Assignment: From the data that follows, set down exactly the lines from the one with "103409_accenture technology vision" through the one with "Customer Reward Programs Of Various Brands", counting both. Pictures stay out.
Recorded information Block Start
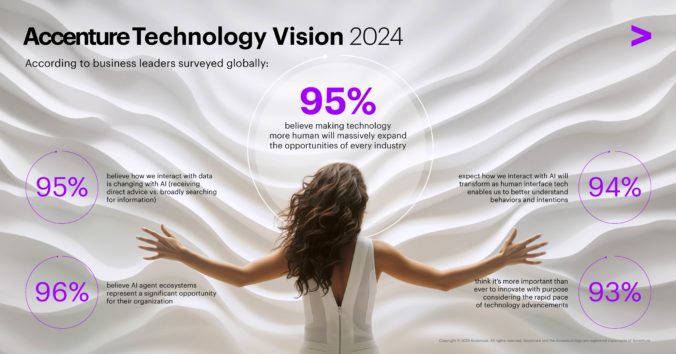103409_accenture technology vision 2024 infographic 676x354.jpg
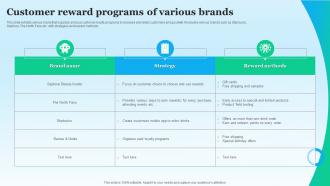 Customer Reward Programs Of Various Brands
Recorded information Block End
Recorded information Block Start
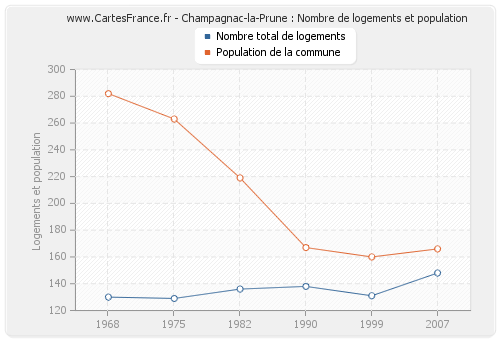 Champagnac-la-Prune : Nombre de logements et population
Recorded information Block End
Solution to the problem:
103409_accenture technology vision 2024 infographic 676x354.jpg
 Customer Reward Programs Of Various Brands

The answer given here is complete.